Could you write out, exactly as they stand, only the lines in the listing below from the line with "Snapshot of Alexa_Pirs" to the line with "朝鲜展示了世界上最大的导弹之一", both ends included, without the pictures?

▶ **PROVIDED ENTRIES**
┄┄┄┄┄┄┄┄┄┄┄┄┄┄┄┄┄┄┄┄

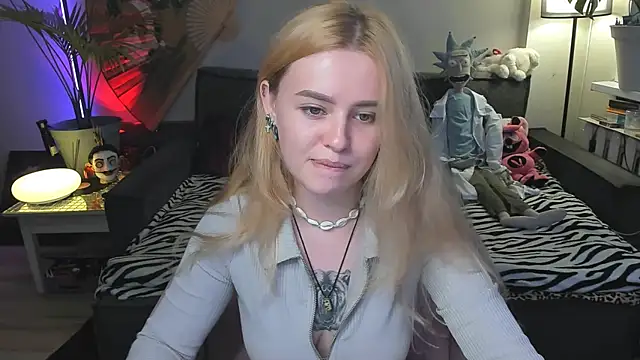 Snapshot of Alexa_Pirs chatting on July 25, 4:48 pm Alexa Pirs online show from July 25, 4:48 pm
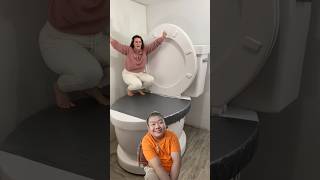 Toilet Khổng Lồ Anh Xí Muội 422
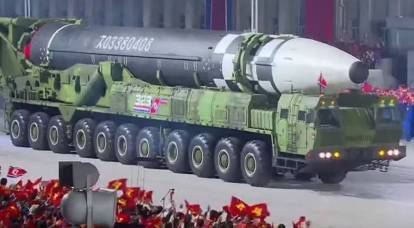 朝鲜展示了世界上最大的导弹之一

┄┄┄┄┄┄┄┄┄┄┄┄┄┄┄┄┄┄┄┄

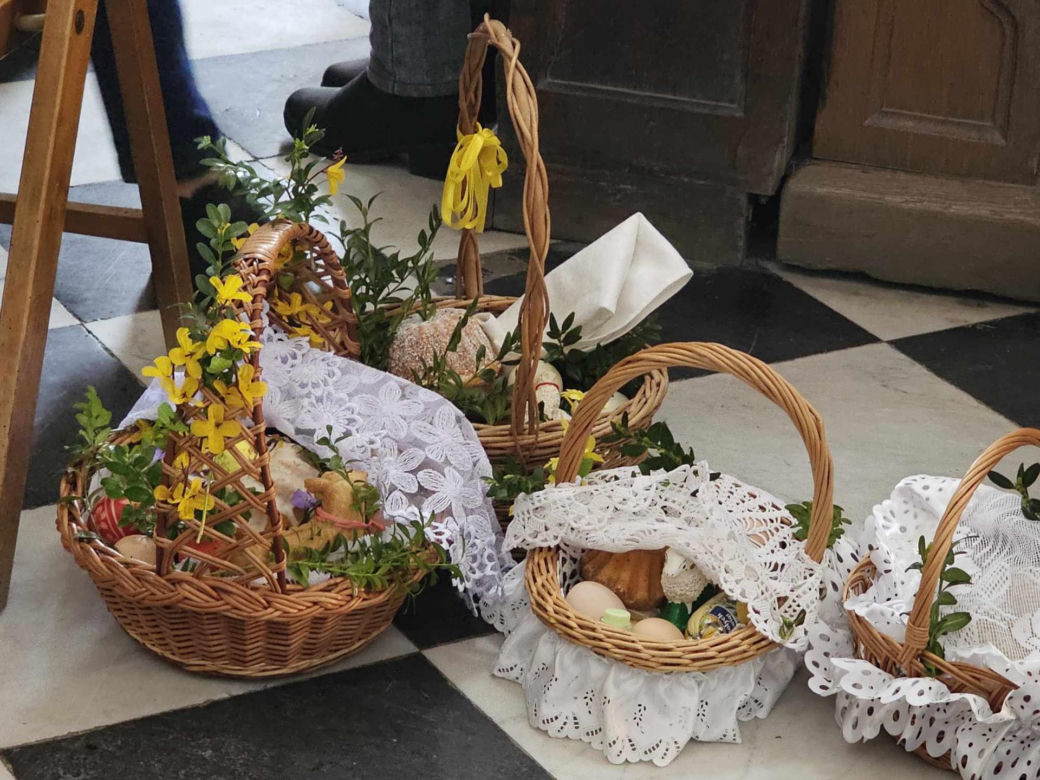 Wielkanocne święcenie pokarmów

┄┄┄┄┄┄┄┄┄┄┄┄┄┄┄┄┄┄┄┄

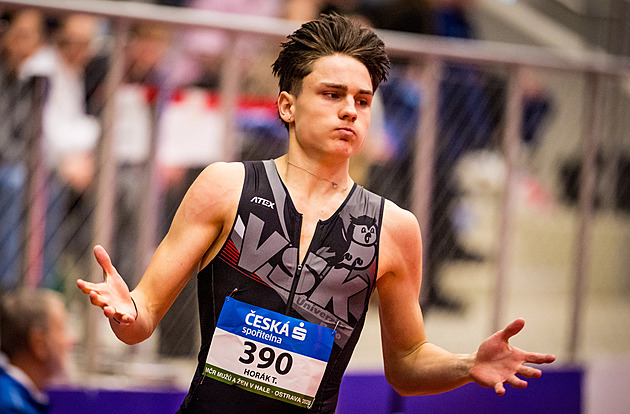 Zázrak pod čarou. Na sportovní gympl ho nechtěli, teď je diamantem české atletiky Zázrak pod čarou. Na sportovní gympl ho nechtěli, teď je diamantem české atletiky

┄┄┄┄┄┄┄┄┄┄┄┄┄┄┄┄┄┄┄┄

▶ **RESULT OF THE EXERCISE**
 Snapshot of Alexa_Pirs chatting on July 25, 4:48 pm Alexa Pirs online show from July 25, 4:48 pm
 Toilet Khổng Lồ Anh Xí Muội 422
 朝鲜展示了世界上最大的导弹之一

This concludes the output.